Jorge Carlos Fonseca - surreal e beat
Ricardo Riso
Resenha publicada no semanário cabo-verdiana A Nação, nº 224, p. A14, 15 de dezembro de 2011.
A poesia de Jorge Carlos Fonseca, atual Presidente da República de Cabo Verde, consagrou-se pela subversiva experiência com a linguagem e a palavra lapidada por um viés surrealista, absorvendo do movimento articulado por André Breton o que há de contestação à realidade vigente, na procura de transformação do mundo em investigações no inconsciente, na proposta de revolucionar a linguagem para atingir a libertação do homem a qualquer forma de opressão.
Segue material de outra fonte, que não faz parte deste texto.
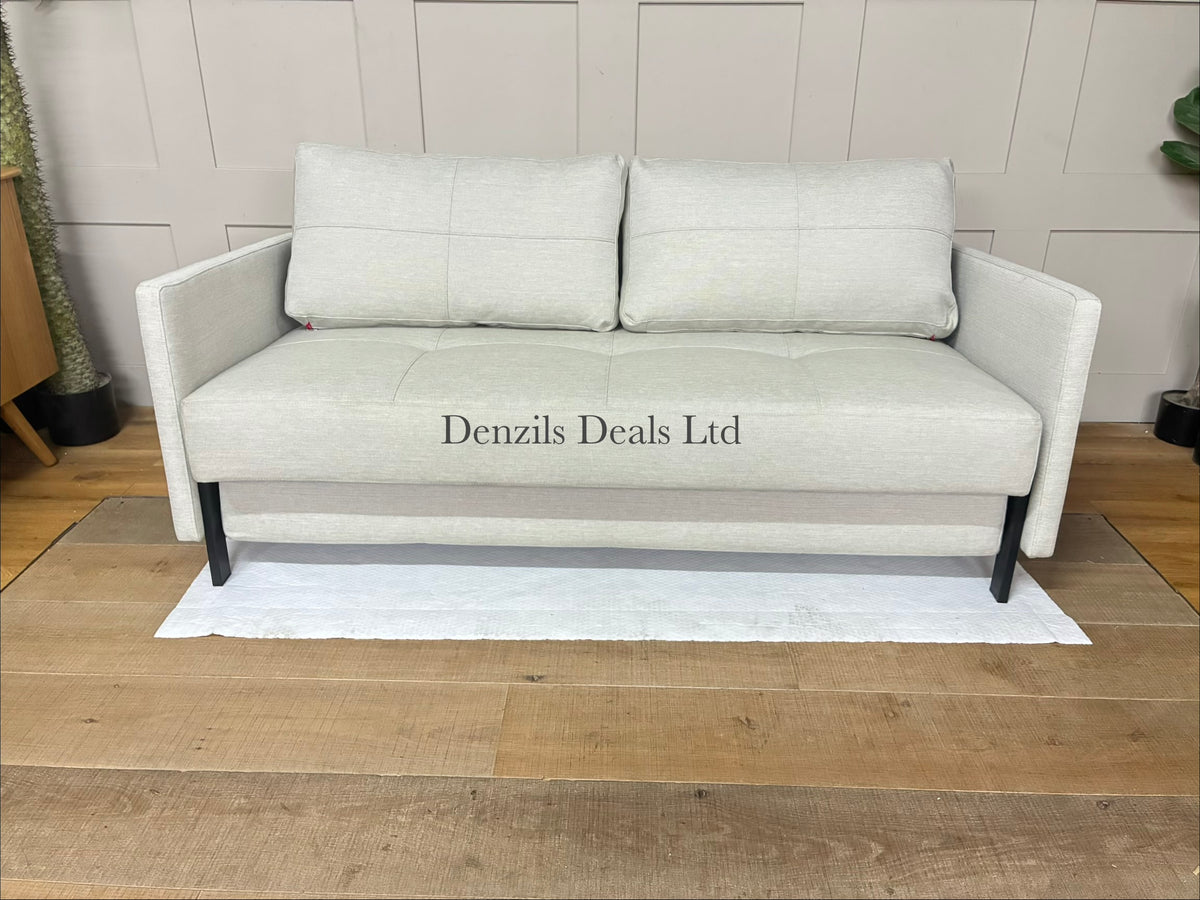 Scandinavian-style sofa bed in textured beige fabric with oak legs, shown as a cozy, compact living room seat.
Nesse sentido, sua poesia dos livros “Silêncio Acusado de Alta Traição e de Incitamento ao Mau Hálito Geral” (1995), “Porcos em Delírio” (1998) e em diversas antologias e revistas, assume um caráter corrosivo e único no arquipélago ao ressignificar a indignação com a sociedade, ainda que boa parte de sua lírica se afaste de temas tipicamente cabo-verdianos.
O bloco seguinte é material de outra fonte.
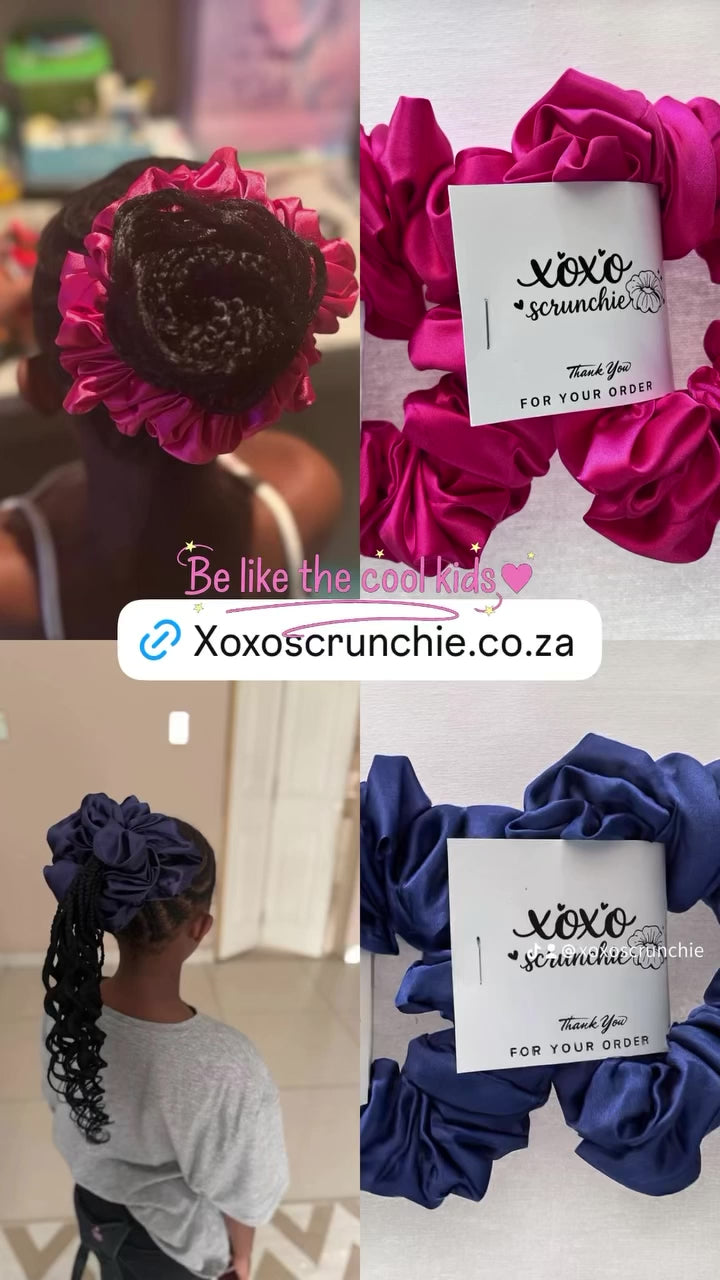 Child wearing pink satin hair scrunchie in ponytail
Destaca-se um poema de caráter diaspórico, “Quis-te ausente, poesia interdita, para melhor abraçar a América” (de 1978, publicado em Mirabilis – de veias ao sol, antologia organizada por José Luis Hopffer Almada), sobre as deambulações do poeta por Nova York, e propõe-se um diálogo com o beatnick Allen Ginsberg (AL) nos poemas “Uivo” (U) e “América” (A), do livro “Uivo e outros poemas” (1956). Os beatnicks fizeram uma revolução na linguagem e nos valores literários, e eram contrários ao american way of life. Resgatavam Walt Whitmann, os simbolistas franceses, dentre outros. Em textos na primeira pessoa, escancaravam experimentações de diversas ordens, desde sexuais e políticas, ao farto uso de drogas em delirantes viagens ao som do jazz. Ginsberg, Jack Kerouac e W.S. Burroughs foram os grandes nomes dessa geração.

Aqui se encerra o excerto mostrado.